Friday, December 9, 2016


Stardate 2016.344.1

Wow, have things been nuts lately.  Work has been insane, my hockey team is dead last in the NHL, the cold weather has really set in, a lot of my work colleagues are retiring, and between the election, Thanksgiving, and figuring out how Christmas is going to go, I haven’t  had a lot of time to post to the blog. I have been trying to get quilting time in; sadly, there just hasn’t been enough of it.  I’m hoping that’ll soon change – that things will slow down and I can refocus. 

Until then, here is what I’ve been working on.   
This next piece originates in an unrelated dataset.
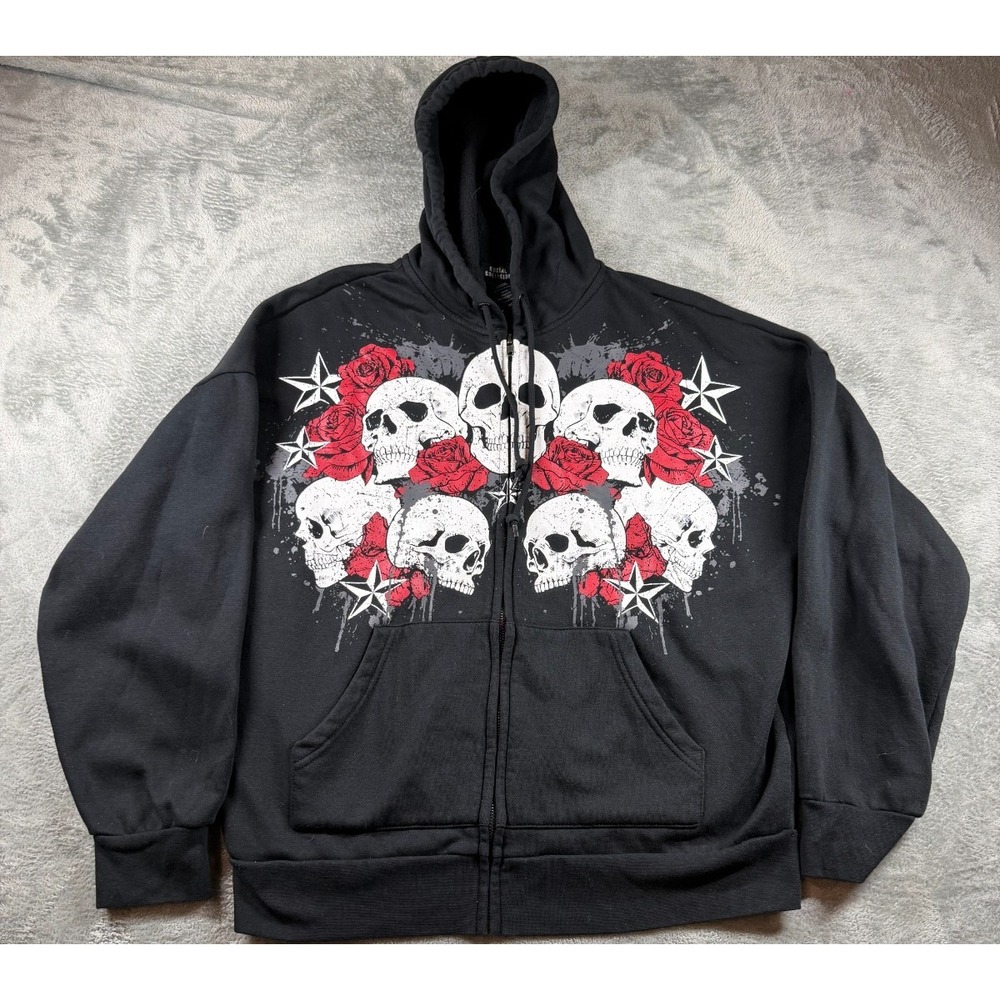Social Collision Skull Roses Zip Hoodie Black Mens M Graphic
With some of the quilting started, I just might make my deadline...
I picked up a chunk of a quilt I had been working on (very off and on) for some time and thought I could try to run the race to the finish line and see if I could get a small quilt made for a friend who is retiring at the end of December.  Sheesh – back in November, it seemed like a good idea.  Forget that it’s a Double Wedding Ring pattern, which, for me, means sewing by hand, which translates into “slow-going”.  But, I figured out I was limited by fabric as I’d started this quilt with just fabrics I had from years ago, so there’s no getting more; once I run out, I run out.  I did run out of one fabric, and did manage to get enough rings pieced to at least make a square quilt.  I’d seen on another blog one gal set a Grandmother’s Flower Garden – with its uneven edges – on a border, so the edges would be square instead of hexagon-shaped, and I decided I could do a similar treatment with this quilt.  So, I was able to “extend” the quilt size by adding the border, then appliqueing the Double Wedding Ring quilt to the border.  I like how it came out and now am in the phase of quilting it.  Somehow, in my grand brain, I’m going to get this done before the end of the year (I won’t look at the calendar as it can be defeating at this point….). 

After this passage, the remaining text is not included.